Avocado and Shaved Brussels Sprout Salad with Honey-Ginger Vinaigrette
- Total Time: 15 minutes
- Yield: Serves 6
- Diet: Vegetarian, Gluten-Free
Description
Asian-inspired salad with creamy avocado, crunchy Brussels sprouts, and a vibrant honey-ginger dressing. A delightful mix of textures and flavors!
Ingredients
- 1/2 cups (118 ml) rice vinegar
- 1/4 cups (59 ml) canola oil
- 1 tsp sesame oil
- 1/2 tsp sea salt
- ? cups honey
- 1 1/2 tsp fresh ginger, grated or finely minced
- 1 tsp Sriracha, a chili sauce available in the Asian section of most larger grocery stores
- 3 cups (710 ml) shaved Brussels sprouts
- 2 cups (473 ml) shredded cabbage
- 6 green onions, thinly sliced on a diagonal
- 1/2 cups (118 ml) dried cranberries, roughly chopped
- 3 ripe, Fresh California Avocados, seeded, peeled and diced into 1/2-inch pieces
- 1 cups (237 ml) fresh cilantro leaves, optional
- 2 Tbsp sesame seeds
Instructions
- Combine all ingredients for vinaigrette in a small glass jar, cover tightly, and shake well.
- Place half of the vinaigrette in a large bowl.
- Add diced avocado to the bowl and gently stir to coat.
- Add the remaining ingredients (except sesame seeds) to the bowl with the avocados and toss gently.
- Drizzle with a bit more dressing and toss again.
- Divide the salad among serving plates and sprinkle with sesame seeds.
- Serve immediately with extra vinaigrette on the side.
Notes
- For optimal flavor, let the dressing sit for at least 15 minutes after mixing to allow the flavors to meld.
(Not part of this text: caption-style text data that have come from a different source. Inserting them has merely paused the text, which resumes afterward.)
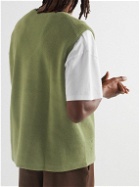 Ninety Percent - Logo-Embroidered Brushed Organic Cotton-Terry Vest - Green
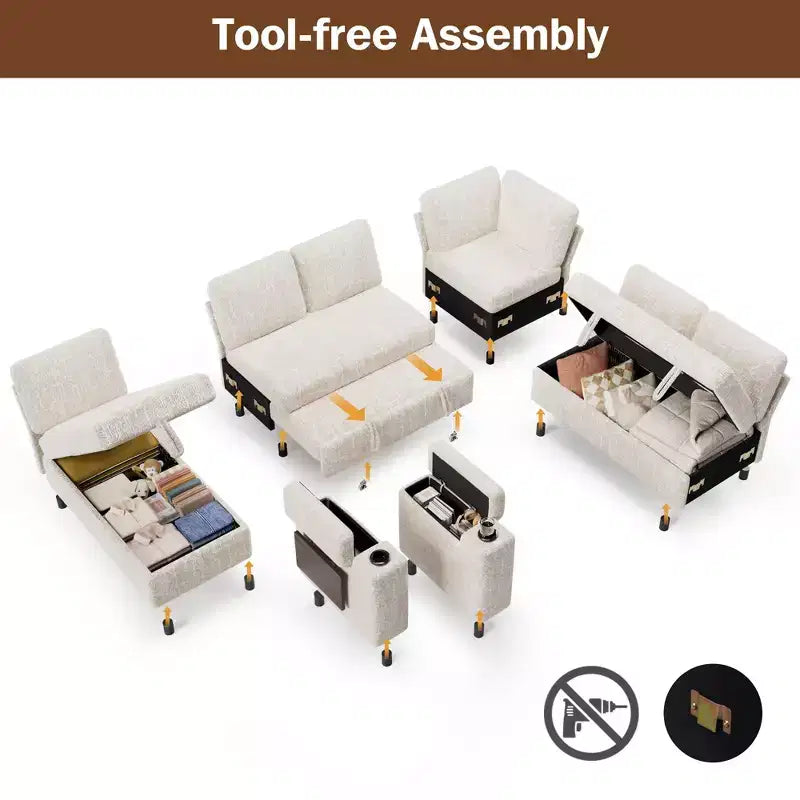 Divani Sezionali Modulari Dyonery Chenille per Soggiorno, Divano Comodo con Contenitore nel Bracciolo, Divano Letto Estraibile con Portabicchieri, Montaggio senza Attrezzi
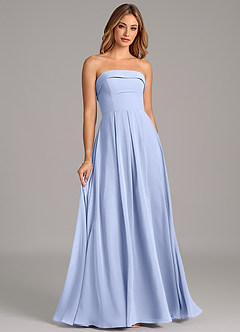 Azazie Lucienne Brudtärnklänningar Klä av A-Linje i Chiffong Axelbandslös Is Konvertibel image3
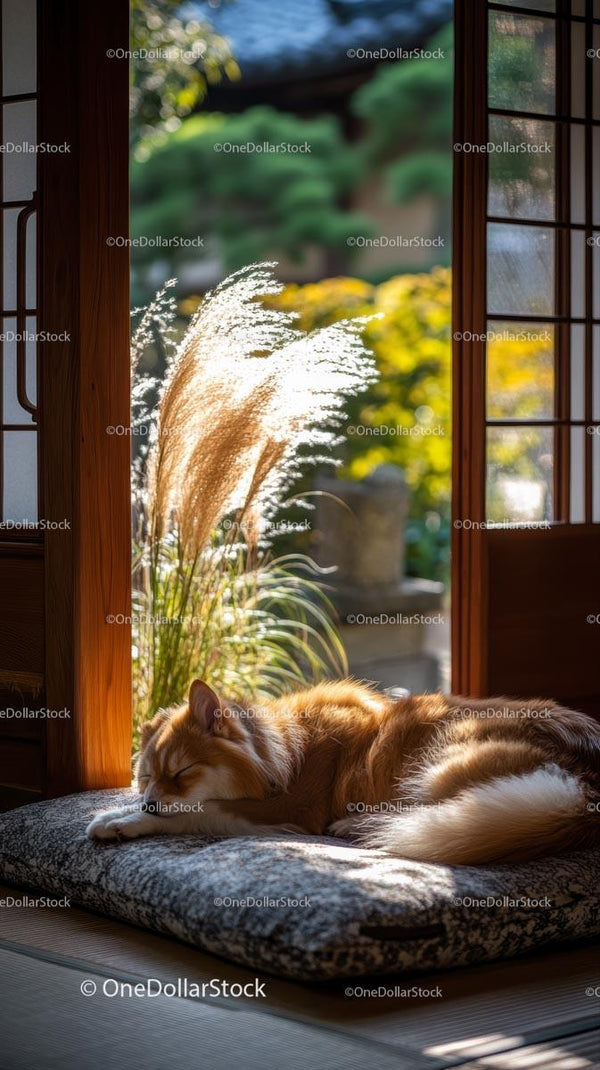 Sleeping Cat on Cushioned Mat in Sunlit Japanese Room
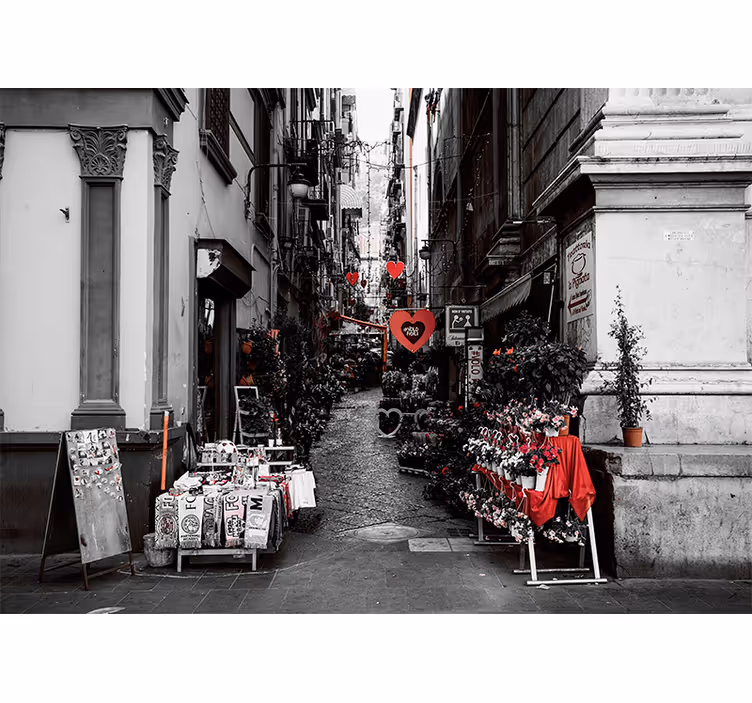 Tapisserie villes et pays charmantes fleurs de rue - TenStickers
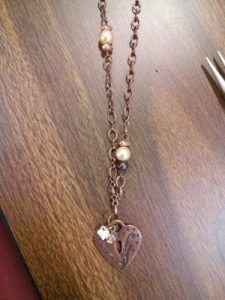 pretty steampunk necklace copper with pearls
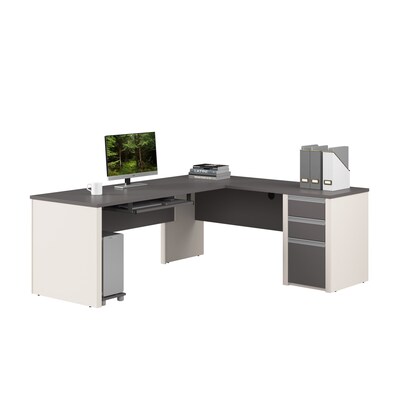 Bestar Connexion 72W L Shaped Desk with Drawers and Keyboard Tray, Slate (93880-59)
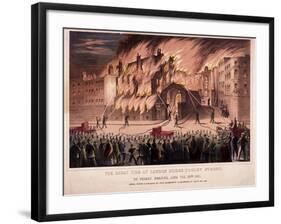 Firemen Fighting the Blaze at the Cotton's Wharf Fire, Bermondsey, London, 1861-E Schonals-Framed Giclee Print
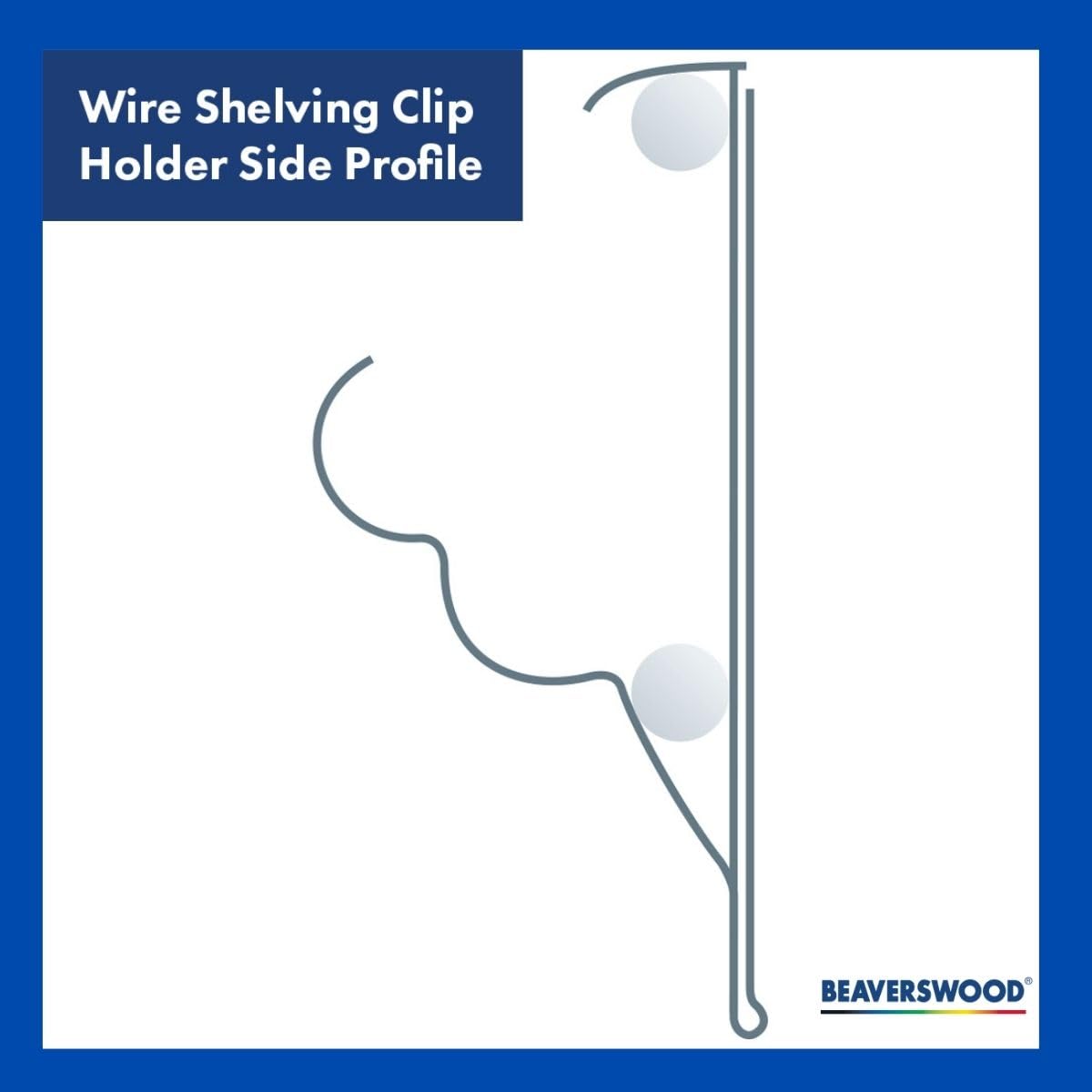 Wire Shelving Clip Holder Pk 12 43x75mm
- To prevent browning, add the avocado to the salad just before serving.
- If shaved Brussels sprouts are unavailable, thinly slice them using a mandoline or sharp knife.
- Prep Time: 15 minutes
- Category: Side Dish
- Method: No-Cook
- Cuisine: Asian-inspired
Nutrition
- Serving Size: 1 cup
- Calories: 300
- Sugar: 15
- Sodium: 200
- Fat: 20
- Saturated Fat: 5
- Unsaturated Fat: 10
- Carbohydrates: 30
- Fiber: 5
- Protein: 5
- Cholesterol: 10
Frequently Asked Questions
How do I shave Brussels sprouts for this salad?
Trim the stem end, cut each sprout in half, and use a mandoline or sharp knife to slice them as thin as possible. A food processor with a slicing disc also works well for larger batches.
Can I make this salad ahead of time?
You can prep the Brussels sprouts, cabbage, and dressing a day ahead. Add the avocado, cranberries, and sesame seeds just before serving to keep everything fresh and prevent the avocado from browning.
What can I use instead of Sriracha in the vinaigrette?
Sambal oelek, gochujang thinned with a bit of rice vinegar, or a pinch of red pepper flakes all work. Adjust the amount to your heat preference.